The Australian Greens believe that:
- The current level of population, population growth and the way we consume are outstripping environmental capacity. Australia must contribute to achieving a globally sustainable population and encourage and support other nations to do the same.
- Our environmental impact and ecological footprint is not determined by population numbers alone, but by a range of factors including per capita consumption patterns and levels, distribution of resources, agricultural practices for domestic consumption and export, levels and types of industrial activity, urban design and transport options.
- Australia's population policy should be determined by its commitment to:
- ecological sustainability;
- global and domestic social justice and equity, including women's rights;
- intergenerational equity;
- international human rights obligations; and
- decent wages and conditions for all workers.
- Population policy should not be primarily driven by economic goals or to counter the effects of an ageing population.
- An Australian population policy must consider the geographical distribution of human settlements rather than just concentrate upon population size at the national level.
- Australia has an obligation to accept humanitarian migration including that resulting from climate change.
- The continuing rapid increase in the human population has the potential to adversely affect national or international outcomes in environmental sustainability, human health and welfare, and other areas. Current rates of resource use are not sustainable and are compounded by inequitable distribution of wealth and power.
The Australian Greens want:
- A reduction in Australia's use of finite natural resources to a level that is sustainable and socially just.
- Human settlements which are:
- designed and built to minimise environmental harm and maximise social well-being;
- located in areas where their ecological impact is minimised.

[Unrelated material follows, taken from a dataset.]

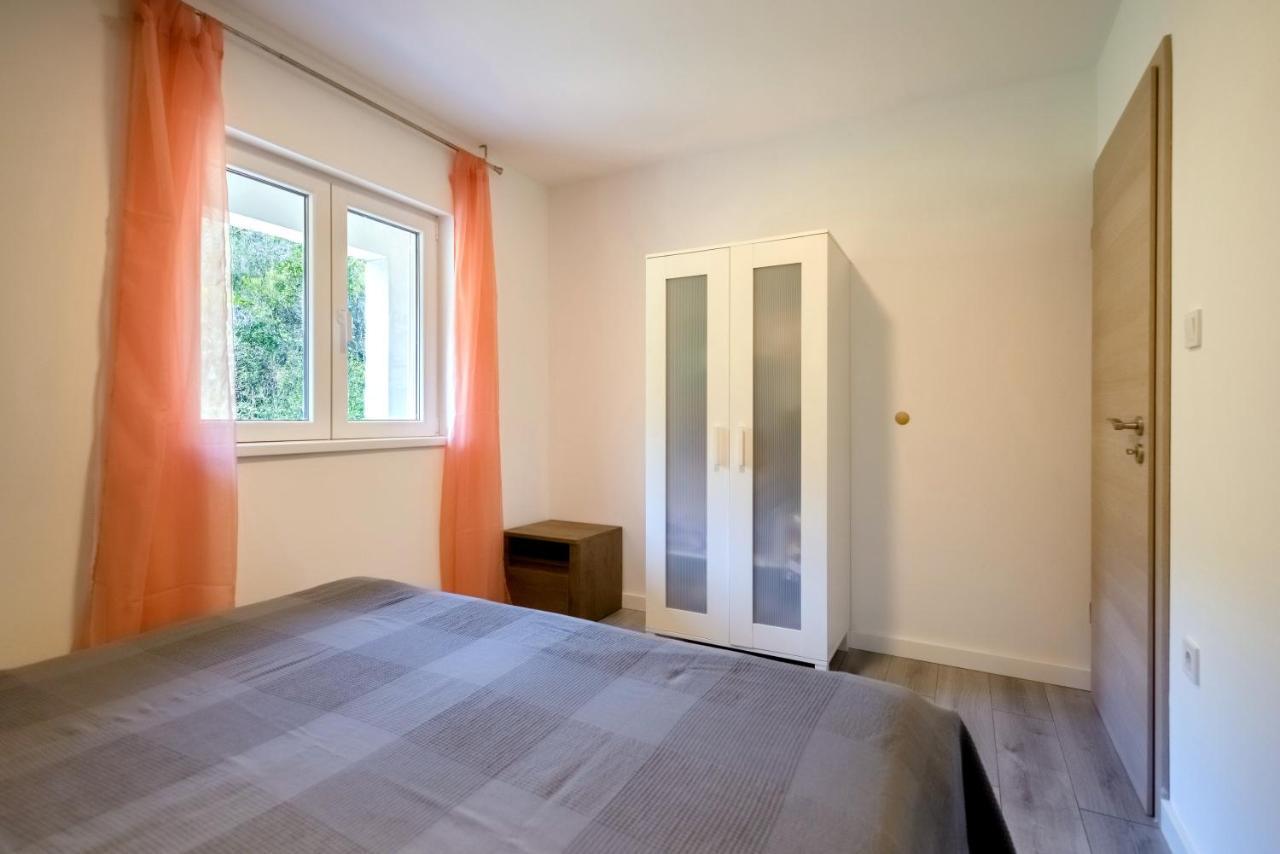 Luka  Feel Dugi Otok Apartments מראה חיצוני תמונה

- Full implementation by Australia of the 1994 United Nations International Conference on Population and Development Programme of Action, including:
- increasing our contribution to programs that empower women and increase their access to a wide range of safe family planning options;
- increasing our overseas aid budget to 0.7% of GNI;
- ensuring that overseas aid to the world's poorest, which often include women, is focussed on clean water and sanitation, education and high quality accessible health services, including sexual and reproductive health services;
- community debate about population, acknowledging that there are complex issues involved in population policy, including:
- limits to unsustainable growth and resource use;
- the survival of other species and ecosystems;
- women's rights and especially education and access to family planning;
- unsustainable resource use; and
- inequitable distribution of wealth and power.